## About this task
The reply should hold only the lines below beginning at the one with "College Girl Princess" and ending at the one with "Замок для сумки", copied exactly, with every picture left out.

## Given records
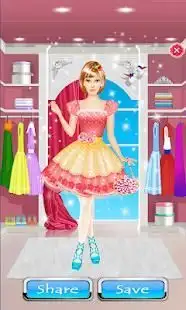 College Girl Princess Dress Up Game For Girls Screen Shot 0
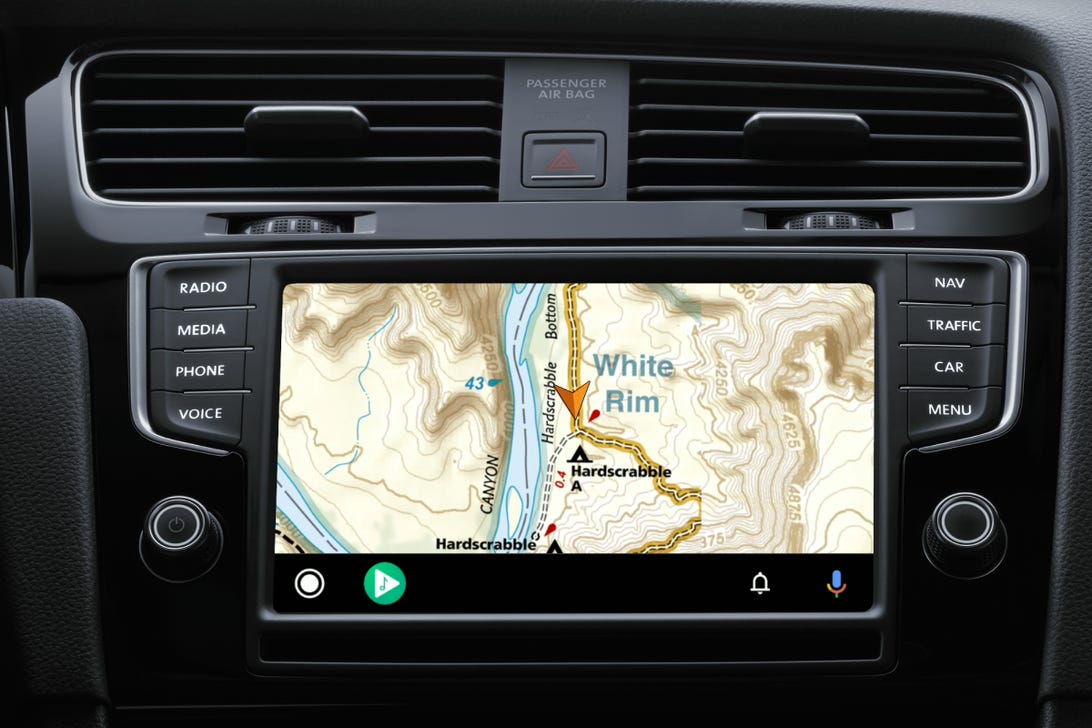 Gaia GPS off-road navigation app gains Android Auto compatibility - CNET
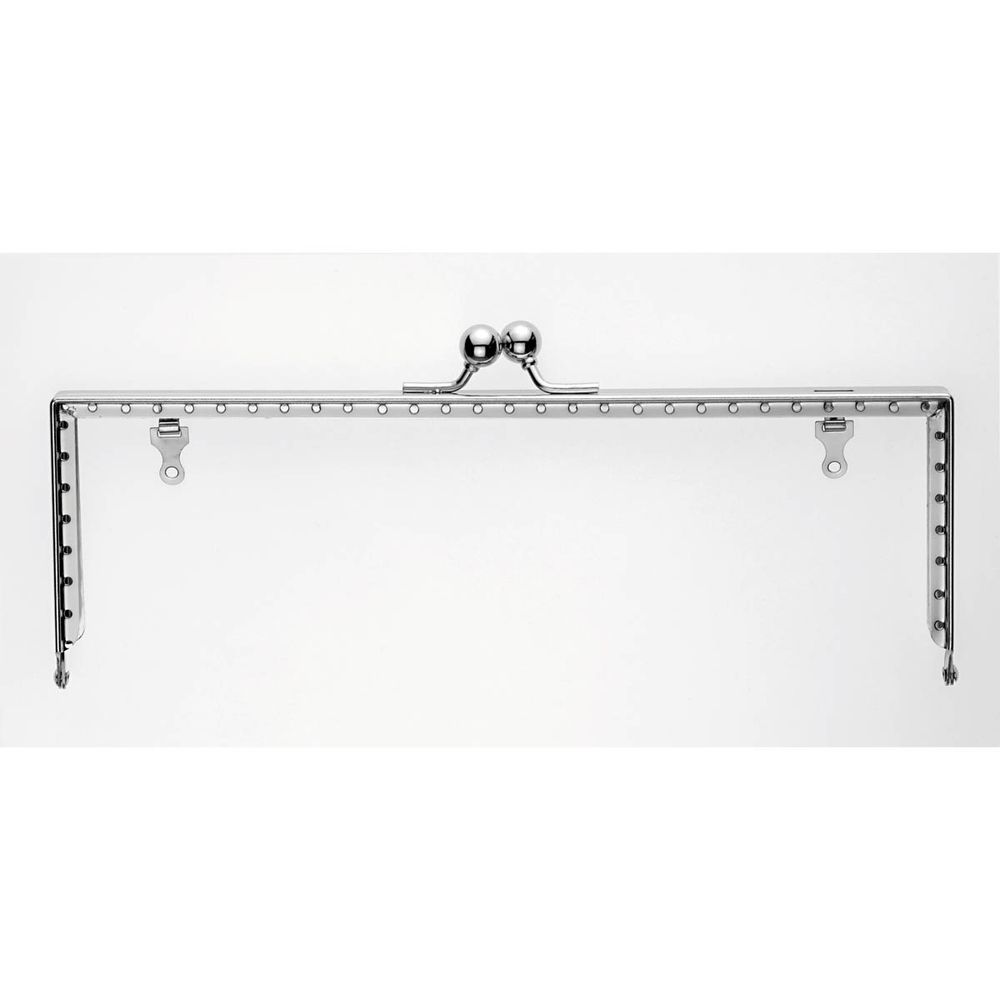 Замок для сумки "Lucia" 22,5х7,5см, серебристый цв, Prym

==

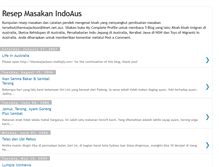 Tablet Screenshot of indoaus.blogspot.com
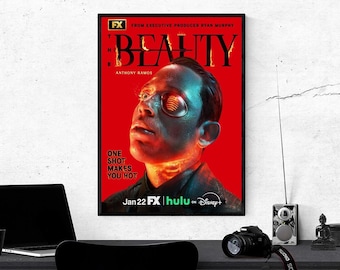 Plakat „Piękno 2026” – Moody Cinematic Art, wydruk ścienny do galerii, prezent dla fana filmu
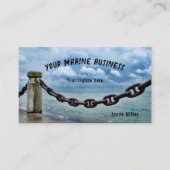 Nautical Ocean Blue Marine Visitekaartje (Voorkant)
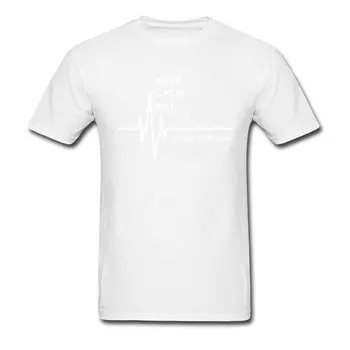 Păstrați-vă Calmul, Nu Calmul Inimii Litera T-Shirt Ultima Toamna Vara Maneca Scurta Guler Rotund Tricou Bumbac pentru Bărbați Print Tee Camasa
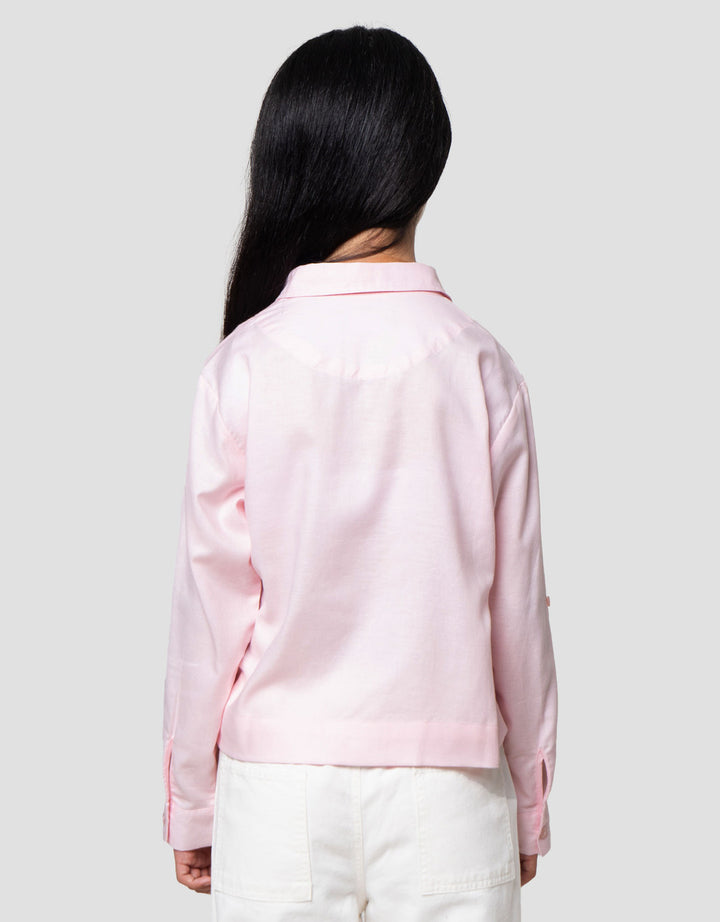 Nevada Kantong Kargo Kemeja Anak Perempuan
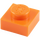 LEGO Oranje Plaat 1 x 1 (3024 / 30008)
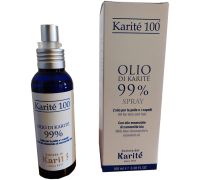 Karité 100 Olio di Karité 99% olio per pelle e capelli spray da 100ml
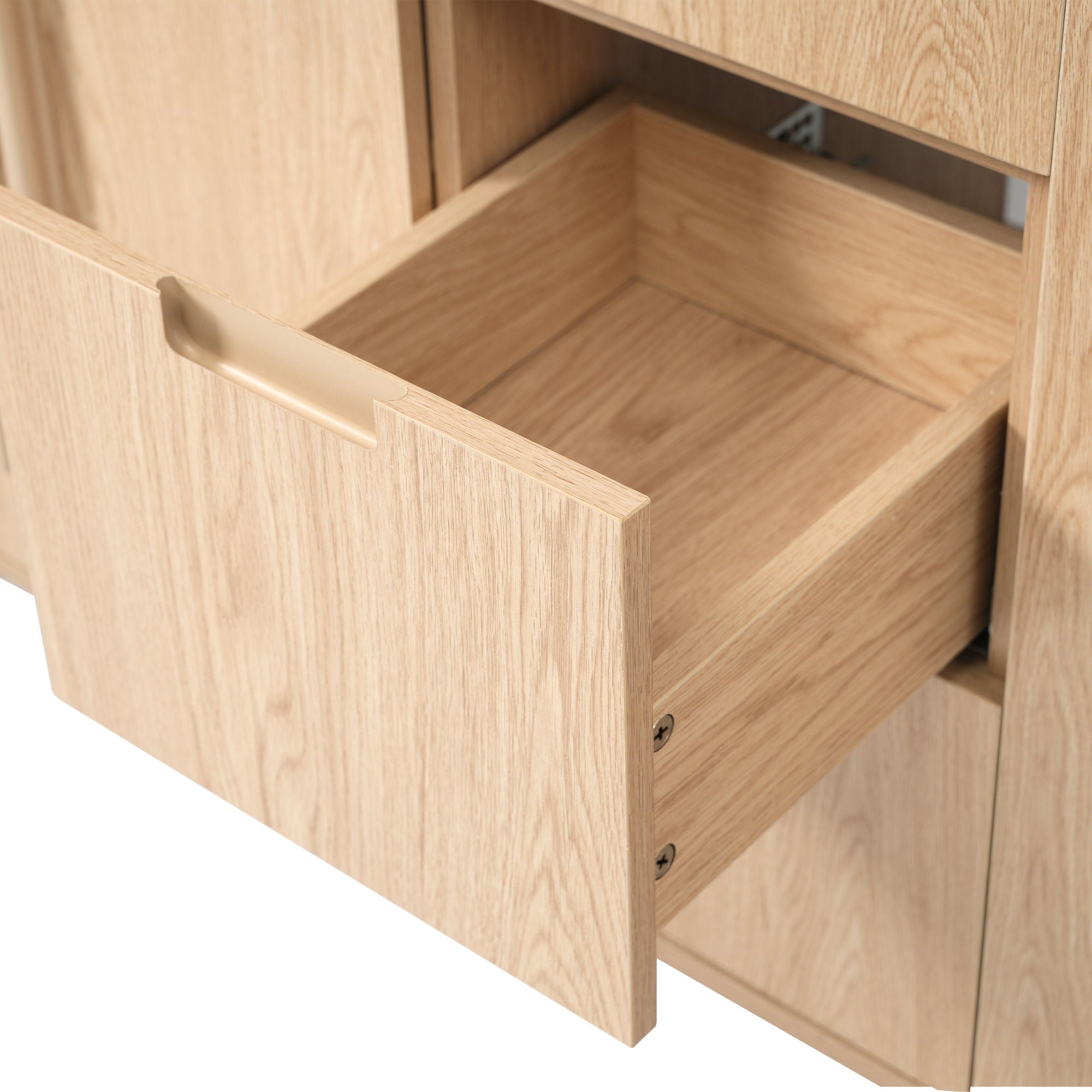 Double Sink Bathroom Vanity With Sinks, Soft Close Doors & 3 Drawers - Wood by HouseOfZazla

## Answer to this task
 College Girl Princess Dress Up Game For Girls Screen Shot 0
 Gaia GPS off-road navigation app gains Android Auto compatibility - CNET
 Замок для сумки "Lucia" 22,5х7,5см, серебристый цв, Prym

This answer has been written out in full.